▶ _About this task_: Scan the records below for the line with "Boho Sunflower Dangle" and the line with "Amazing lace: Jessica". Repeat those two lines and every line between them exactly, and nothing else.

▶ _Supplied data_:

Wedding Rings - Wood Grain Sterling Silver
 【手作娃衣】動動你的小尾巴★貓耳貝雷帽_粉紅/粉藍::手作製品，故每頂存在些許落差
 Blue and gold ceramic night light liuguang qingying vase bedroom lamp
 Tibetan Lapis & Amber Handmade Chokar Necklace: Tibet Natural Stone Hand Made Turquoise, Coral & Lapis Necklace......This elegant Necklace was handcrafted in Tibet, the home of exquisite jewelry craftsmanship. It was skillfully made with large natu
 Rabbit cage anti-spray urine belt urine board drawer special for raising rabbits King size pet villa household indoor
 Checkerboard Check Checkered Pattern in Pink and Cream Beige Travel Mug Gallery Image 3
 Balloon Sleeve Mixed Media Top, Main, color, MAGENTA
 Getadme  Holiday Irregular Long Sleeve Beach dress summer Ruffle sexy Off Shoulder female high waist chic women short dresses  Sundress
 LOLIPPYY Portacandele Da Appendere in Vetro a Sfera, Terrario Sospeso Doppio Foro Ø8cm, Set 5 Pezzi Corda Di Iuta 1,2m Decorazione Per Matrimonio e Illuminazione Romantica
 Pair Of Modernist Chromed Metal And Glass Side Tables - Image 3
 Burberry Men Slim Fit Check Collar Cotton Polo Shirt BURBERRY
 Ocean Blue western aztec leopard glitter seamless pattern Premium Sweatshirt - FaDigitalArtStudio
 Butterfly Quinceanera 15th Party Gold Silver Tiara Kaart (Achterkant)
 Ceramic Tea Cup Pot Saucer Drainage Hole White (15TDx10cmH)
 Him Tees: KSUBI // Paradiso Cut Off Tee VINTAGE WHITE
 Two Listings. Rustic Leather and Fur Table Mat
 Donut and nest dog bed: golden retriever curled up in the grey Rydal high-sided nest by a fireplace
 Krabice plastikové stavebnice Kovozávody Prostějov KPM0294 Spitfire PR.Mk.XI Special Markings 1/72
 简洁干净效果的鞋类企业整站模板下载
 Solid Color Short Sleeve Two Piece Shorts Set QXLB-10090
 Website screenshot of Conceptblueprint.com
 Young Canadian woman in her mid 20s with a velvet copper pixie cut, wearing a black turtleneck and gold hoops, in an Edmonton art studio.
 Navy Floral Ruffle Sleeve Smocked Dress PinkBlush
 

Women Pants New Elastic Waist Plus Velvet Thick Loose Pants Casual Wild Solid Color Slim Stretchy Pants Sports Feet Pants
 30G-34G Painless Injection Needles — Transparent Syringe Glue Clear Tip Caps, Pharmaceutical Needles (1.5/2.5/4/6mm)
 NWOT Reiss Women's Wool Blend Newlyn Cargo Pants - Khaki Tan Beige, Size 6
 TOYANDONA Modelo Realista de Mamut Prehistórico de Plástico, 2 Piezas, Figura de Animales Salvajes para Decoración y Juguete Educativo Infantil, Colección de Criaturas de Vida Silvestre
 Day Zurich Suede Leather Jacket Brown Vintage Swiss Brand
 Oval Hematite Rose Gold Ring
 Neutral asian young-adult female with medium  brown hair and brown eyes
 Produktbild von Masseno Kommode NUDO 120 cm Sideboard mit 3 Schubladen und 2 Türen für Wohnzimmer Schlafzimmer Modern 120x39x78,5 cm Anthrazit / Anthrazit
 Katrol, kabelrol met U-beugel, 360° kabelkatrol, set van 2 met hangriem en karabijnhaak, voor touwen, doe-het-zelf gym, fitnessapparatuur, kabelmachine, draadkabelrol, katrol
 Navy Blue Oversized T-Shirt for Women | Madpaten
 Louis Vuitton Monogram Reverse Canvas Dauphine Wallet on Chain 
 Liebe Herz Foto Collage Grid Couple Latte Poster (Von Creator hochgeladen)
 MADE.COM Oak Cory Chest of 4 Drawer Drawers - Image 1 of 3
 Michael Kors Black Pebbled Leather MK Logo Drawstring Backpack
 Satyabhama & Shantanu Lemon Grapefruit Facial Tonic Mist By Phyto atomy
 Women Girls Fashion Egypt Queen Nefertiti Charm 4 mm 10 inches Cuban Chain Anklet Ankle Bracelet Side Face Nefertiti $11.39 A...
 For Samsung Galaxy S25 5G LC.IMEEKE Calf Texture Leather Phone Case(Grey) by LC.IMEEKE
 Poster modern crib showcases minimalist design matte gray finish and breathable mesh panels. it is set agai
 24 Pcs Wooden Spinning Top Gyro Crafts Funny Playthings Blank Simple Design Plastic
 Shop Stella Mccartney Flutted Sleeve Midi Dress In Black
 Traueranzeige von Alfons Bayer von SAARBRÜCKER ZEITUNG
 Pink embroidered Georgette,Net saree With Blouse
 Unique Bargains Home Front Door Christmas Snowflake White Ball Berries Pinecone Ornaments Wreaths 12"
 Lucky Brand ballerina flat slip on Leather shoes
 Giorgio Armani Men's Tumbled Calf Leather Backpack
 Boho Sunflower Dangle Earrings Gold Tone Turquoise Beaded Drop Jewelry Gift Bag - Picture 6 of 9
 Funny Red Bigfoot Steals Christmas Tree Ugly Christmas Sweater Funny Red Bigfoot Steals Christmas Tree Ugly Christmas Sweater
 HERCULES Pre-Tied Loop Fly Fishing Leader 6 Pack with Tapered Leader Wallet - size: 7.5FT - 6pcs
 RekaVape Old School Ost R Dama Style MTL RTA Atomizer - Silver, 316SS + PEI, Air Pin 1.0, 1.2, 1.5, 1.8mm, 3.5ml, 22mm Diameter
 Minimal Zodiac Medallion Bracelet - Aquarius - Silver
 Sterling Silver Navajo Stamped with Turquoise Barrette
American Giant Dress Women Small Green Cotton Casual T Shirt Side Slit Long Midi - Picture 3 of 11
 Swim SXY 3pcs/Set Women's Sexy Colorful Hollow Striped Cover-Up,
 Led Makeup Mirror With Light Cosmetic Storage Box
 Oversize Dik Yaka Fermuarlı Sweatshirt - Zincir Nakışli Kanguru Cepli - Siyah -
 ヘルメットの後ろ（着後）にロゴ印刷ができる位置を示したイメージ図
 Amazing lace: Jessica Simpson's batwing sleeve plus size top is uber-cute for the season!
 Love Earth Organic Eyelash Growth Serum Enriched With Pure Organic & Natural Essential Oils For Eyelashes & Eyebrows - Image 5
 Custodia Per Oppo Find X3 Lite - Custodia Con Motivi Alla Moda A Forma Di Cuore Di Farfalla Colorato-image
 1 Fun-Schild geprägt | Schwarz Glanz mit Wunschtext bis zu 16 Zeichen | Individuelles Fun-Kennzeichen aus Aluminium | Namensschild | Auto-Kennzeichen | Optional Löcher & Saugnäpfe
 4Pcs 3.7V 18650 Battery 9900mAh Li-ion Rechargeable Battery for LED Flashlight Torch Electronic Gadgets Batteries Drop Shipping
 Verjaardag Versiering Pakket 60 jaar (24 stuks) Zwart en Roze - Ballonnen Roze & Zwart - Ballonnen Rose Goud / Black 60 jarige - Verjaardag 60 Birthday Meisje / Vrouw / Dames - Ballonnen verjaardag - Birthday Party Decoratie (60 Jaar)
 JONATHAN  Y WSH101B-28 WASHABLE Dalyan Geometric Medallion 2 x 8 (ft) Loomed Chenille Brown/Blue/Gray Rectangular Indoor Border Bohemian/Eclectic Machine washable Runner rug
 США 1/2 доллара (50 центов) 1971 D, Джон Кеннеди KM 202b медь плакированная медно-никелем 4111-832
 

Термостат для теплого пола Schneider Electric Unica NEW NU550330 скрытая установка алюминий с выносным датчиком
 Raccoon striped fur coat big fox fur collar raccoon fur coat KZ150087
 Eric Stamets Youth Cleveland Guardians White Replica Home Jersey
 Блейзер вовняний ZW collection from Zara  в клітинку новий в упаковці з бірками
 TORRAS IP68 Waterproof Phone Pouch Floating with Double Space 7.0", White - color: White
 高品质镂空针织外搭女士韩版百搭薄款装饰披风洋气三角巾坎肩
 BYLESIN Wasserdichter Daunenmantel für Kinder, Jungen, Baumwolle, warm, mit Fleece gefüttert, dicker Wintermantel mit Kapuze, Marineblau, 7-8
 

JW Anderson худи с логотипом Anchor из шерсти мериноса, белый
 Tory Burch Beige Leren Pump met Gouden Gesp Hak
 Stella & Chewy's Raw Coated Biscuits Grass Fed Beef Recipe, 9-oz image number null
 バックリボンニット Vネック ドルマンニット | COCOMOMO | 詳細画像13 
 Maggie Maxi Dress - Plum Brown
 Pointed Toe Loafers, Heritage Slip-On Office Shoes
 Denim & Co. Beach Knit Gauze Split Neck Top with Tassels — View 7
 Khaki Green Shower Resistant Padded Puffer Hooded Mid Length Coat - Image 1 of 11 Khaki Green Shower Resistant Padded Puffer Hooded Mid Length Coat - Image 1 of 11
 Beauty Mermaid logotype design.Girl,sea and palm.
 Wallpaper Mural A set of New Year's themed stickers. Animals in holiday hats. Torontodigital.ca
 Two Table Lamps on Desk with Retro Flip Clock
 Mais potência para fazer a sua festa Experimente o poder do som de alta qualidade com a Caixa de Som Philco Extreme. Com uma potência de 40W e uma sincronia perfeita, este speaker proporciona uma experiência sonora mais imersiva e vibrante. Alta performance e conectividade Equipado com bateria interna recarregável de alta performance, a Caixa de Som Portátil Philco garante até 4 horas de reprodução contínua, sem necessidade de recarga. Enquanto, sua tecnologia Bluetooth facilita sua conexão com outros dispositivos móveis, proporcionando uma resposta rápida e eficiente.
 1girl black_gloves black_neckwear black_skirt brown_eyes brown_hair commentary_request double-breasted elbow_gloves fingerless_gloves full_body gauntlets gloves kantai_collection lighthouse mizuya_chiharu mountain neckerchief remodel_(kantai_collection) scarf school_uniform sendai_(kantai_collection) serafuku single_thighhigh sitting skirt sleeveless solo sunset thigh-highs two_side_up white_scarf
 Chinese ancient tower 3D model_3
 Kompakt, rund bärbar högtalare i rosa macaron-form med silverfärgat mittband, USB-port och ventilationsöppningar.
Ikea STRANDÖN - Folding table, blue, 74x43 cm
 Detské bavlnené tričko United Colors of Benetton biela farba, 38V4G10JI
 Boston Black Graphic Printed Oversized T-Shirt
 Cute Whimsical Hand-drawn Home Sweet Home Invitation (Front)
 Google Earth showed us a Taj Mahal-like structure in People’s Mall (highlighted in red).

▶ _Answer space_:
 Boho Sunflower Dangle Earrings Gold Tone Turquoise Beaded Drop Jewelry Gift Bag - Picture 6 of 9
 Funny Red Bigfoot Steals Christmas Tree Ugly Christmas Sweater Funny Red Bigfoot Steals Christmas Tree Ugly Christmas Sweater
 HERCULES Pre-Tied Loop Fly Fishing Leader 6 Pack with Tapered Leader Wallet - size: 7.5FT - 6pcs
 RekaVape Old School Ost R Dama Style MTL RTA Atomizer - Silver, 316SS + PEI, Air Pin 1.0, 1.2, 1.5, 1.8mm, 3.5ml, 22mm Diameter
 Minimal Zodiac Medallion Bracelet - Aquarius - Silver
 Sterling Silver Navajo Stamped with Turquoise Barrette
American Giant Dress Women Small Green Cotton Casual T Shirt Side Slit Long Midi - Picture 3 of 11
 Swim SXY 3pcs/Set Women's Sexy Colorful Hollow Striped Cover-Up,
 Led Makeup Mirror With Light Cosmetic Storage Box
 Oversize Dik Yaka Fermuarlı Sweatshirt - Zincir Nakışli Kanguru Cepli - Siyah -
 ヘルメットの後ろ（着後）にロゴ印刷ができる位置を示したイメージ図
 Amazing lace: Jessica Simpson's batwing sleeve plus size top is uber-cute for the season!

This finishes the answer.